The result should be an exact copy of every record, with no pictures kept.
╭─ MATERIAL FOR THIS EXERCISE
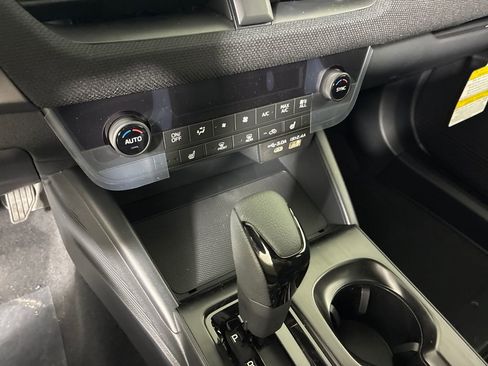 New 2026 Subaru Outback Premium image 20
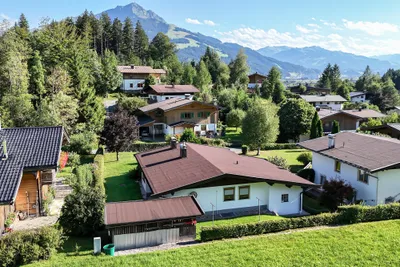 4-Zimmer-Haus kaufen in Kitzbühel – 200 m², € 1.290.000 – Bild 6 von 8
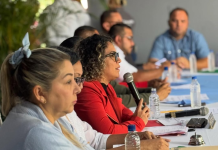 CLEB y Cámara Municipal de Barinas rinde tributo a los forjadores de la Patria en su día (+ Detalles)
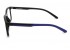 Armação Arnette TAPAU AN7243L 2753 57-17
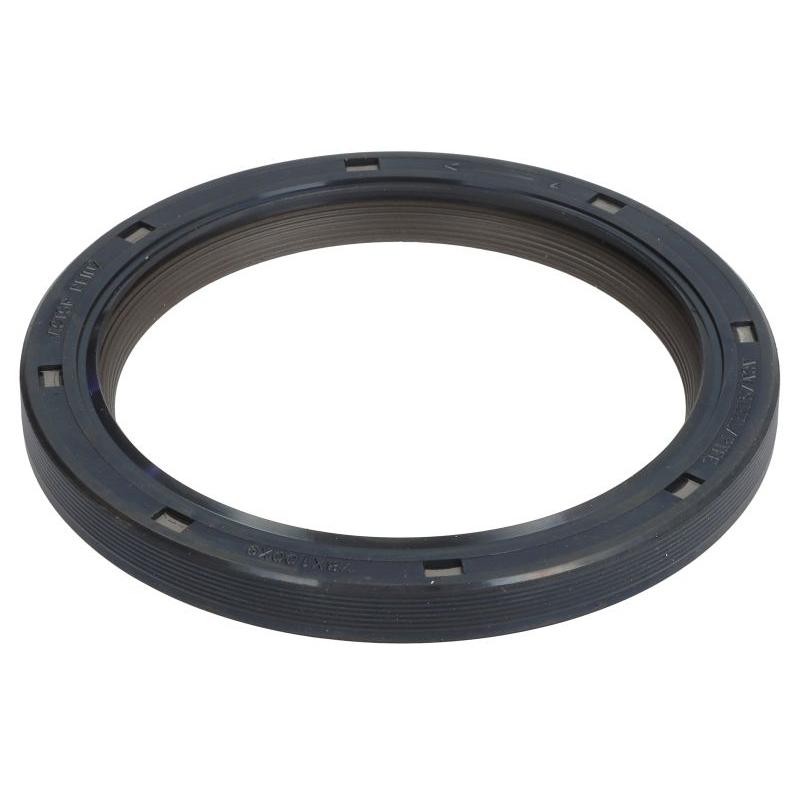 REINZ 81-36232-00 Crankshaft Shaft Seal
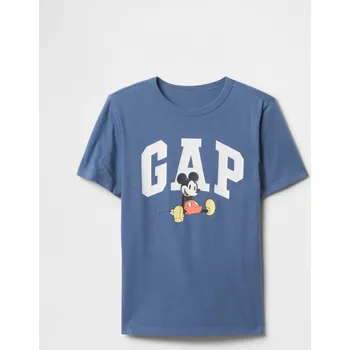 Chlapecké tričko GAP Chlapecké Dětské tričko Gap & Disney 708345-00 Velikost: XXL Tričko zdarma při nákupu nad 3000,-!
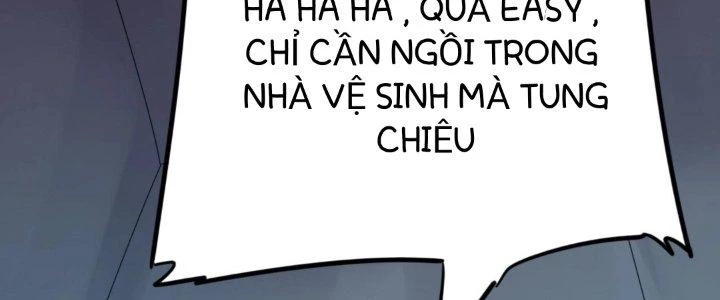 Toàn Dân Lãnh Chủ: Bắt Đầu Xây Dựng Bất Hủ Tiên Vực Chapter 18 - 20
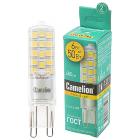   Camelion LED6-G9-NF/830/G9 6 3000 BL1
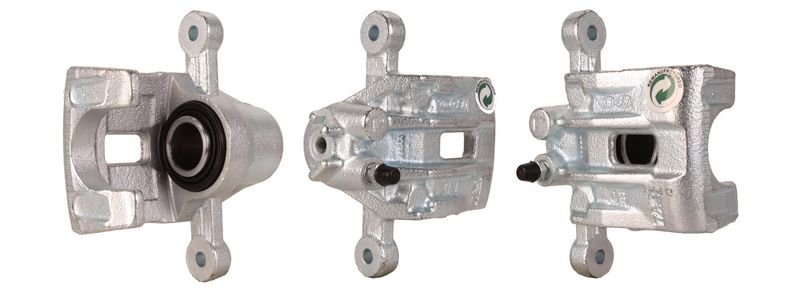 DRI 4197410 Brake Caliper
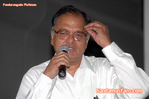 Filename=Pandurangadu-Platinum117.jpg
Filesize=73KiB
Dimensions=700x465
Date added=Apr 04, 2014 Pandurangadu-Platinum117.jpg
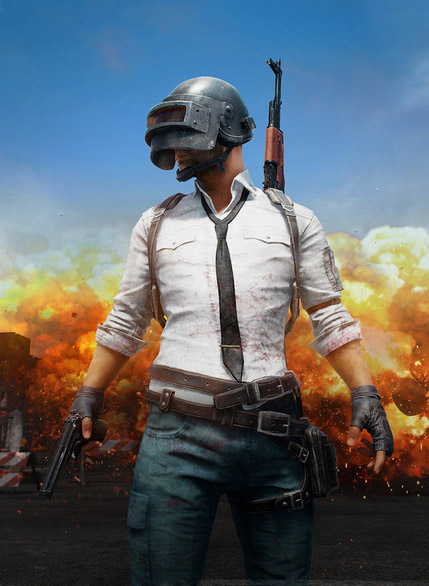 未能延續此 未能延續此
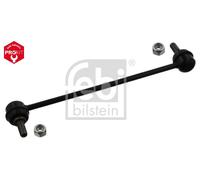 33916 FEBI BILSTEIN Asta/Puntone, Stabilizzatore per FORD,MAZDA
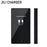 Uptown-Tech Jili Box 1200mAh Charger and Case for JUUL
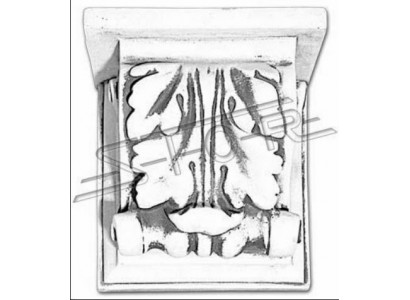 Relief Mur Image Images Décoration Murale Support Mural Stand 1005 Antique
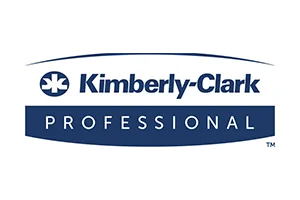 kimberly-logo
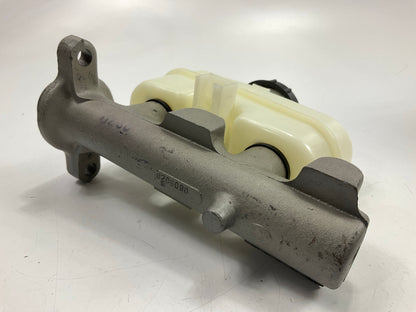 Bendix 13037 Brake Master Cylinder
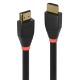 Lindy 41072 HDMI Cable 15m HDMI Type A (Standard) Black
╰─
▶ _YOUR SOLUTION_
 New 2026 Subaru Outback Premium image 20
 4-Zimmer-Haus kaufen in Kitzbühel – 200 m², € 1.290.000 – Bild 6 von 8
 CLEB y Cámara Municipal de Barinas rinde tributo a los forjadores de la Patria en su día (+ Detalles)
 Armação Arnette TAPAU AN7243L 2753 57-17
 REINZ 81-36232-00 Crankshaft Shaft Seal
 Chlapecké tričko GAP Chlapecké Dětské tričko Gap & Disney 708345-00 Velikost: XXL Tričko zdarma při nákupu nad 3000,-!
 Toàn Dân Lãnh Chủ: Bắt Đầu Xây Dựng Bất Hủ Tiên Vực Chapter 18 - 20
   Camelion LED6-G9-NF/830/G9 6 3000 BL1
 DRI 4197410 Brake Caliper
 Filename=Pandurangadu-Platinum117.jpg
Filesize=73KiB
Dimensions=700x465
Date added=Apr 04, 2014 Pandurangadu-Platinum117.jpg
 未能延續此 未能延續此
 33916 FEBI BILSTEIN Asta/Puntone, Stabilizzatore per FORD,MAZDA
 Uptown-Tech Jili Box 1200mAh Charger and Case for JUUL
 Relief Mur Image Images Décoration Murale Support Mural Stand 1005 Antique
 kimberly-logo
 Bendix 13037 Brake Master Cylinder
 Lindy 41072 HDMI Cable 15m HDMI Type A (Standard) Black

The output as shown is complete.